__Task item__
Excerpt from the entries below: please repeat exactly the lines from the one containing "bitterpuke ヌードスター 写真" through the last one, both ends included, with no pictures.

========

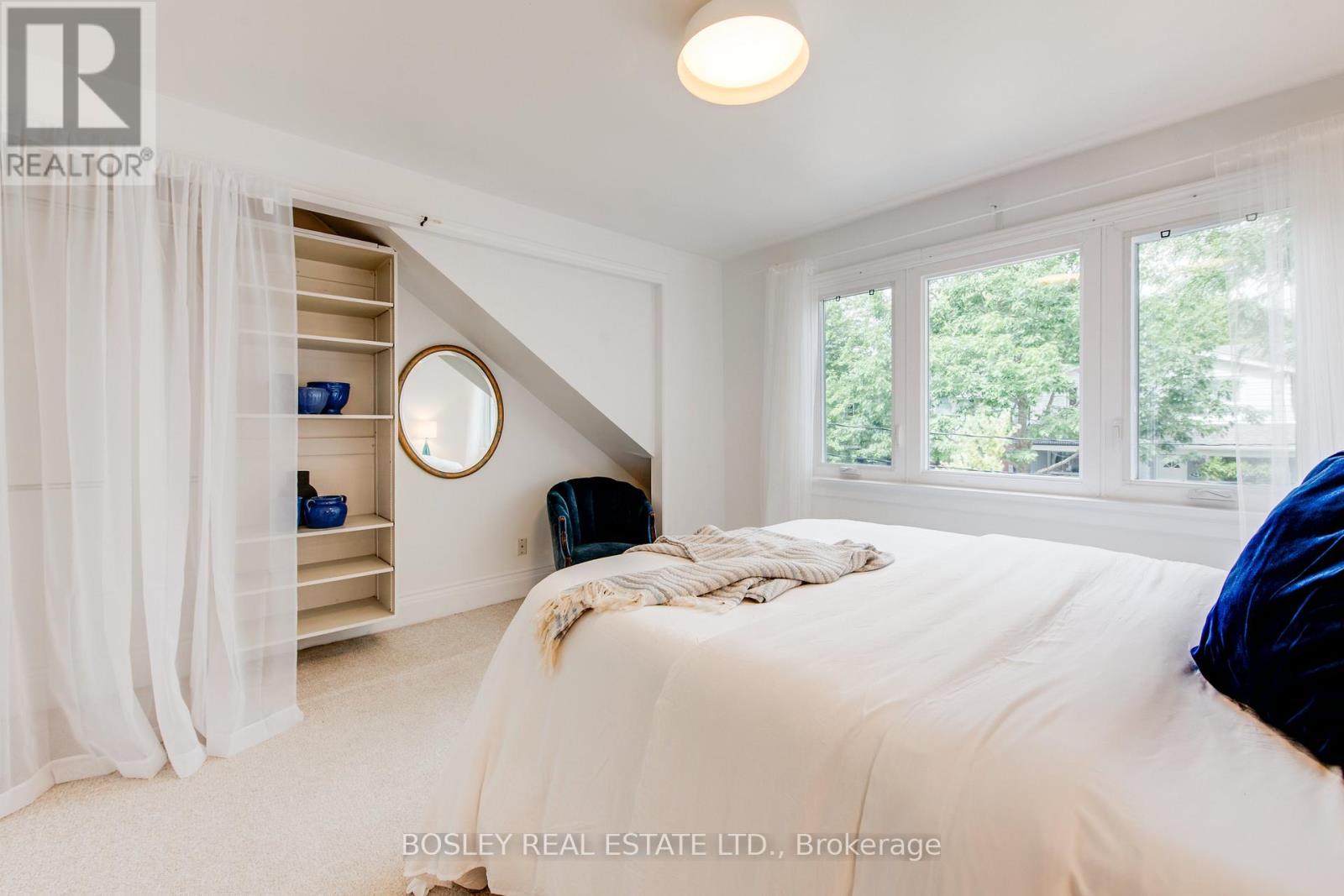 Photo 11 of 55 Robbins Avenue, Toronto ON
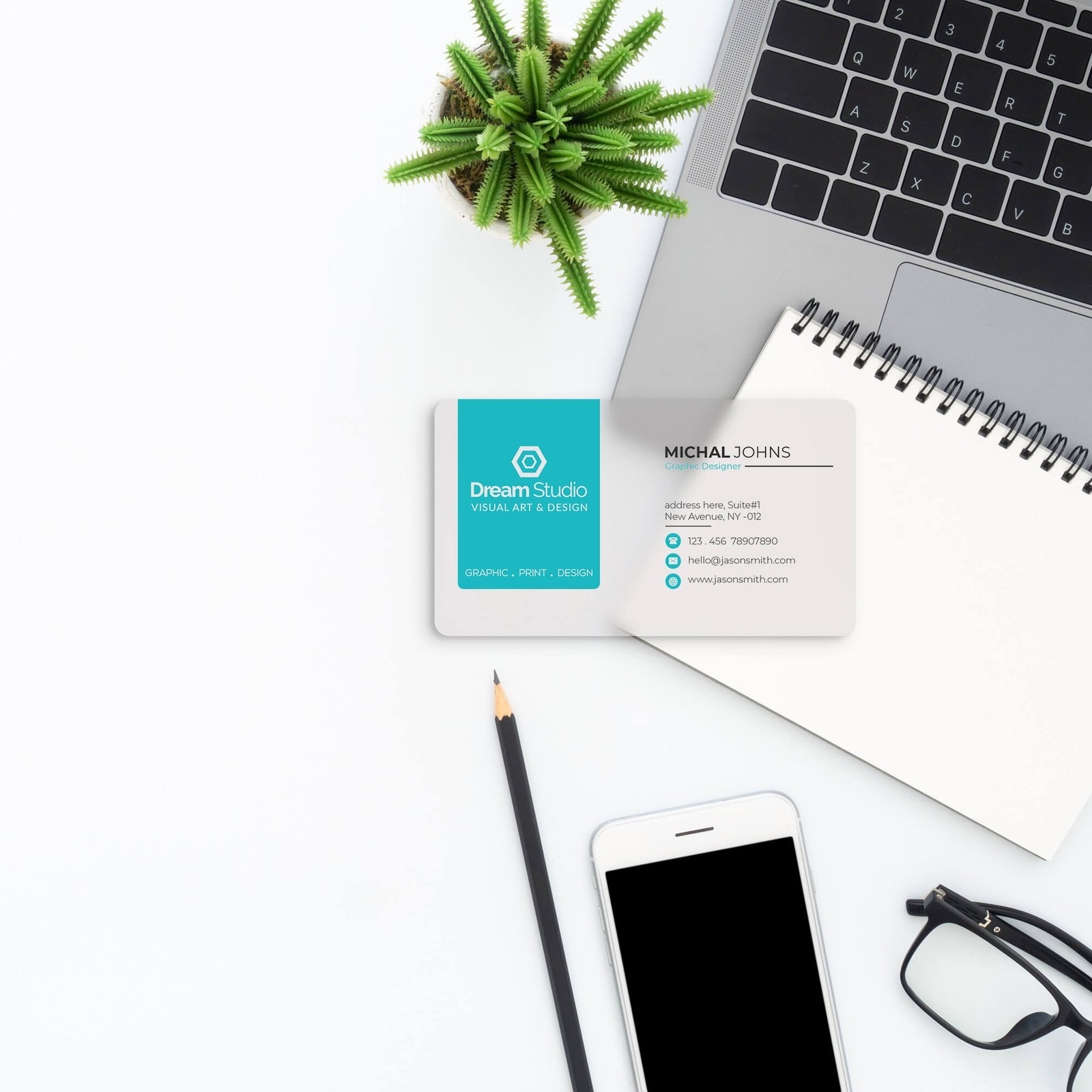 Free Plastic Card Mockup PSD Template (1)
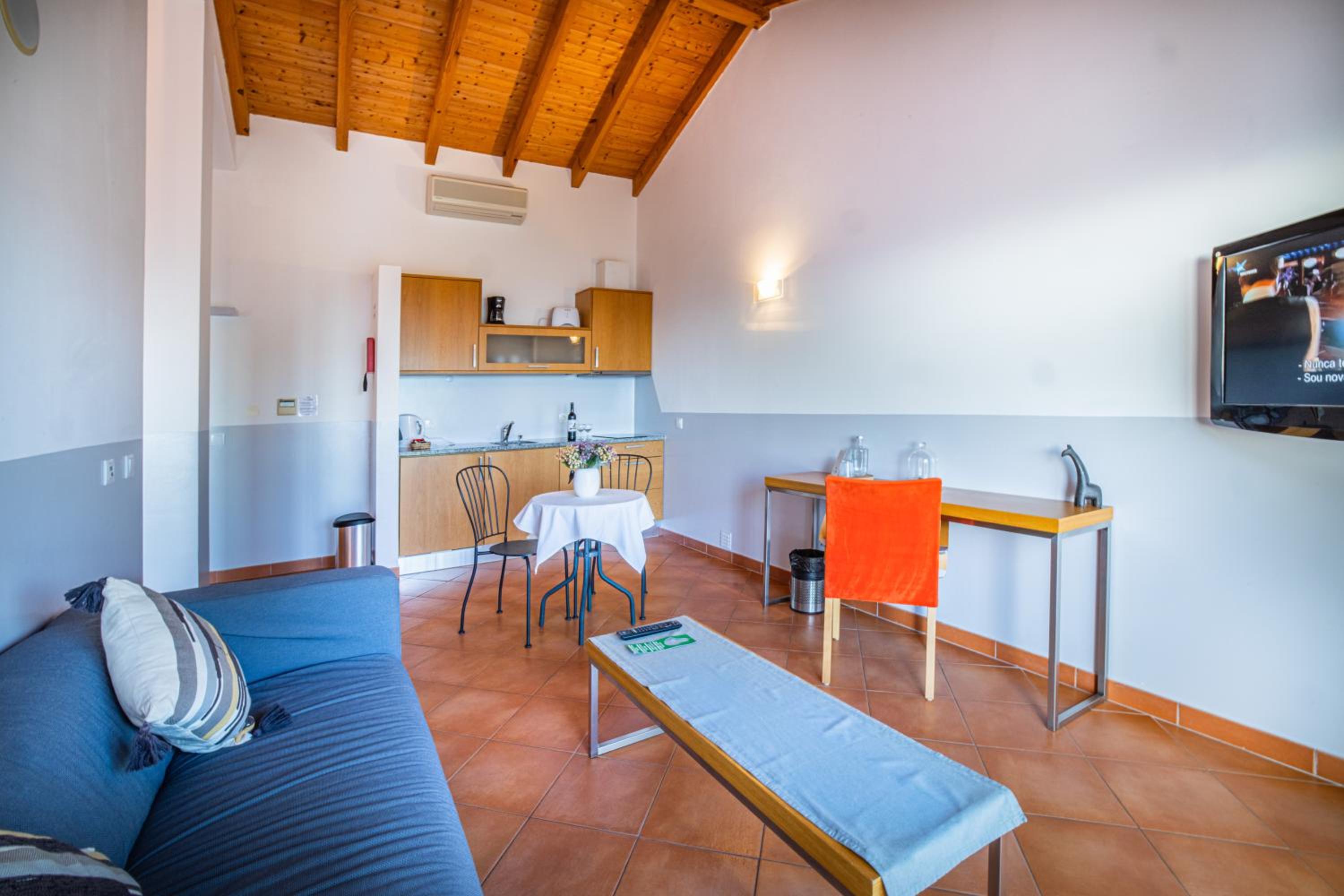 Suite with Balcony photo 2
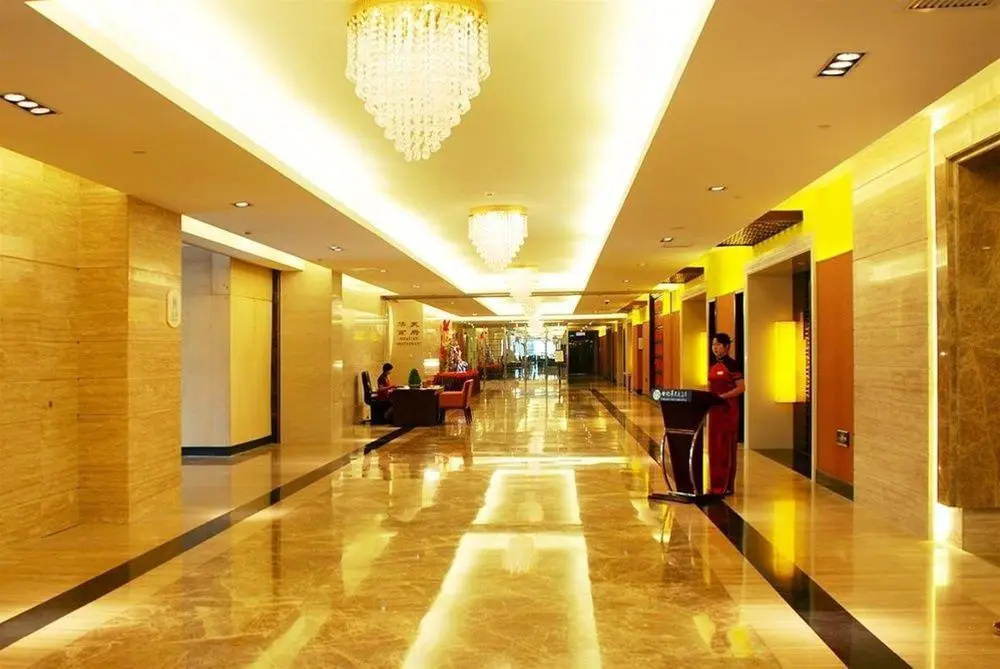 Lobby & Reception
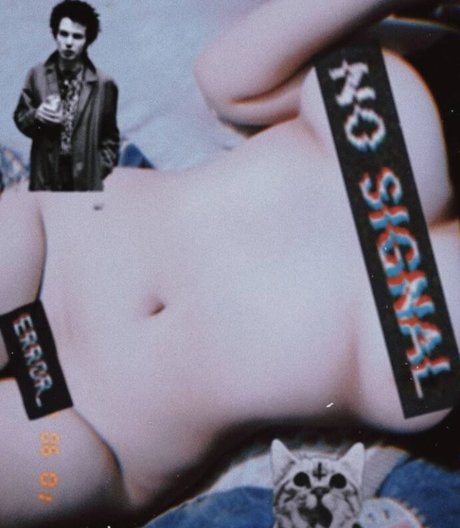 bitterpuke ヌードスター 写真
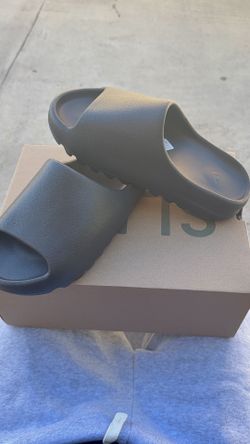 Yeezy Slides Onyx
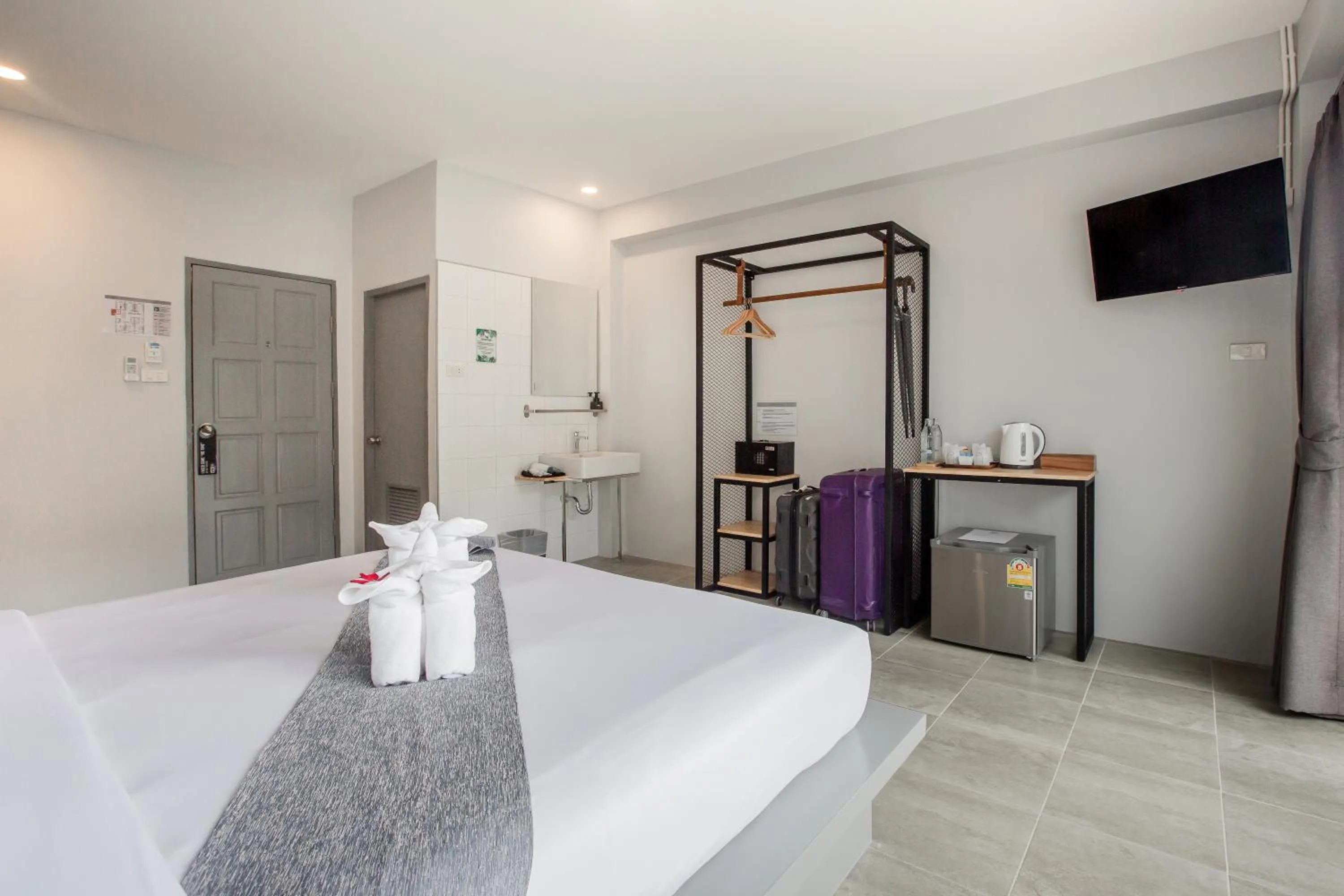 Photo of the whole room in Monotel Aonang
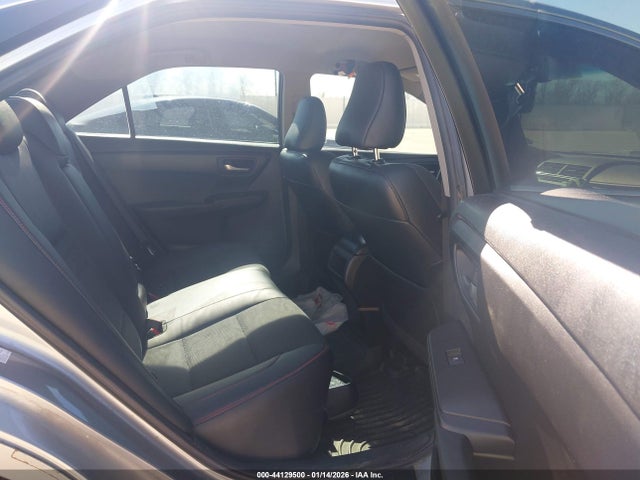 4T1BF1FK1GU182926 Toyota CAMRY SE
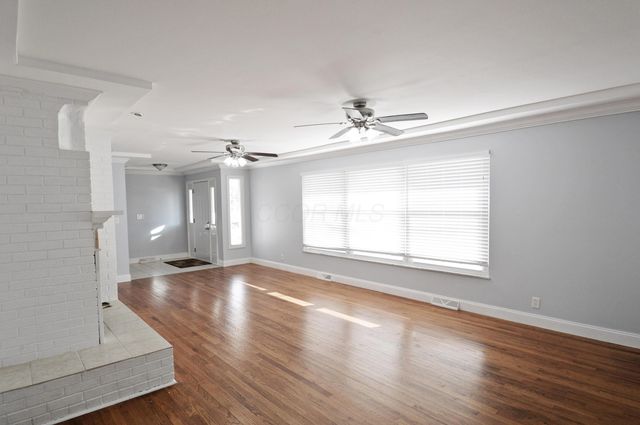 5138 Roberts Road, Hilliard, OH 43026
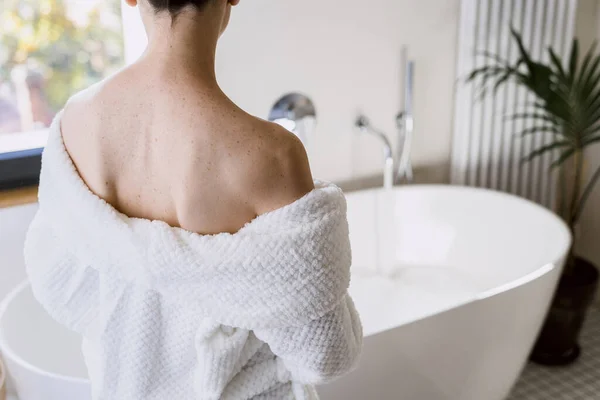Rückenansicht Einer Frau Mit Nackten Schultern Weißen Bademantel Steht Neben — Stockfoto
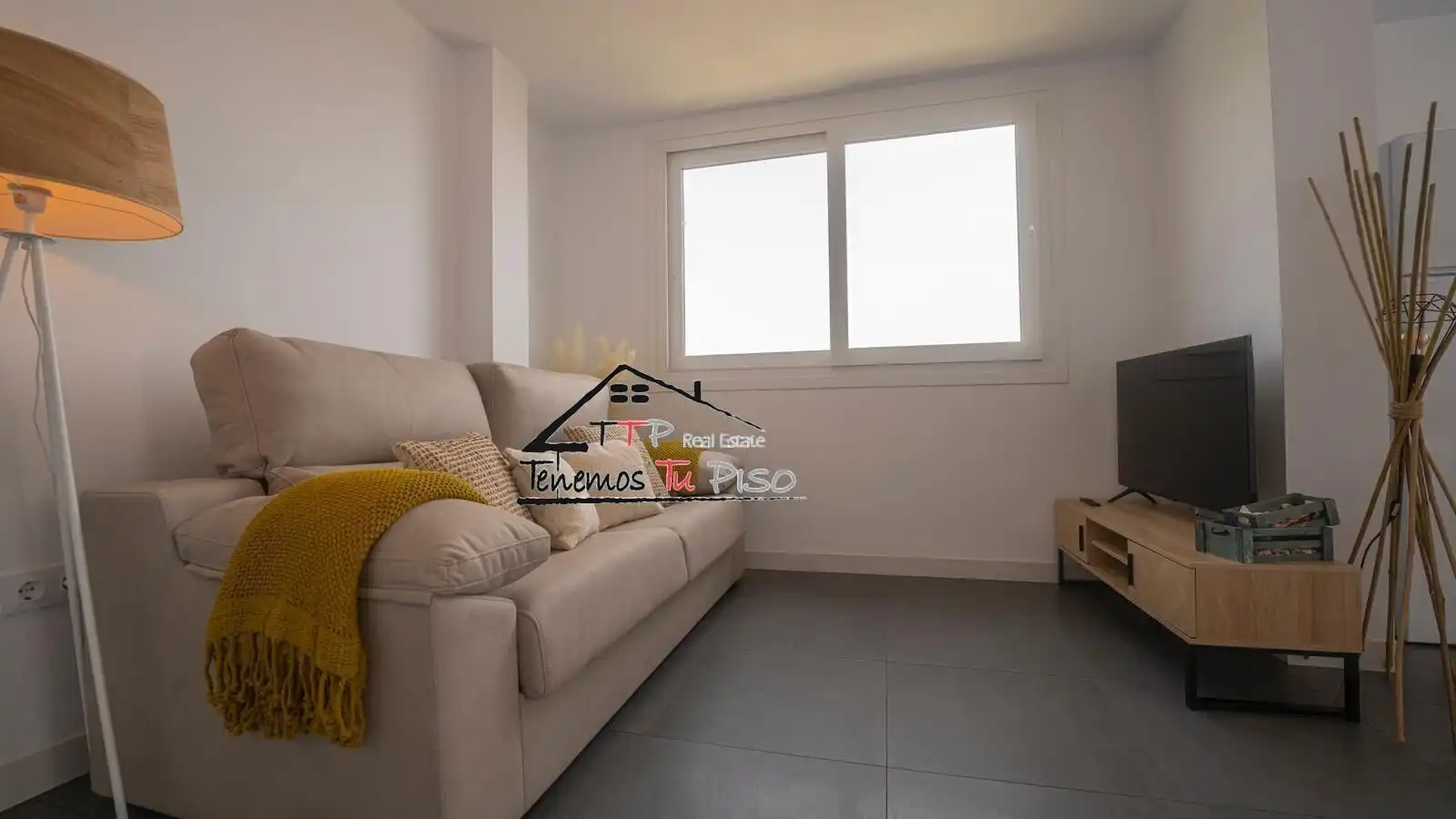Sala d'estar de Casa o xalet en venda en Peñíscola / Peníscola amb Aire condicionat, Calefacció i Jardí privat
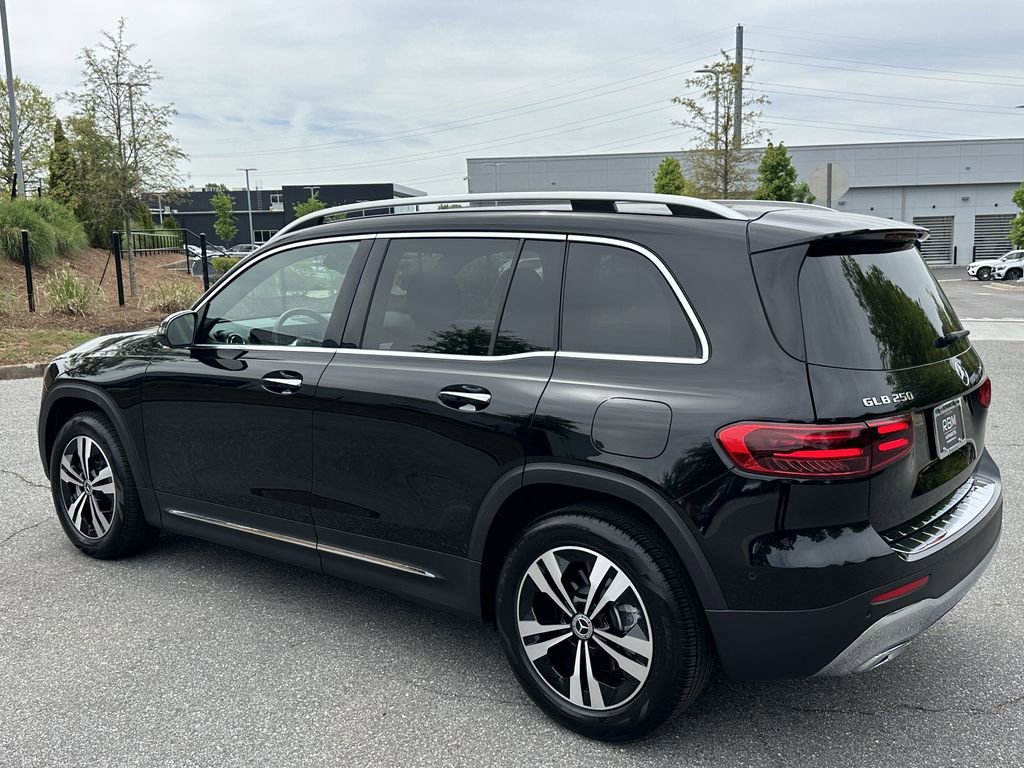Certified 2025 Mercedes-Benz GLB 250 image 6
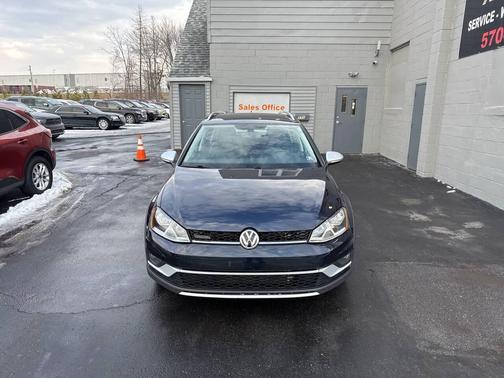 2017 Volkswagen Golf Alltrack TSI SE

========

__Answer to the problem__
 bitterpuke ヌードスター 写真
 Yeezy Slides Onyx
 Photo of the whole room in Monotel Aonang
 4T1BF1FK1GU182926 Toyota CAMRY SE
 5138 Roberts Road, Hilliard, OH 43026
Rückenansicht Einer Frau Mit Nackten Schultern Weißen Bademantel Steht Neben — Stockfoto
Sala d'estar de Casa o xalet en venda en Peñíscola / Peníscola amb Aire condicionat, Calefacció i Jardí privat
Certified 2025 Mercedes-Benz GLB 250 image 6
 2017 Volkswagen Golf Alltrack TSI SE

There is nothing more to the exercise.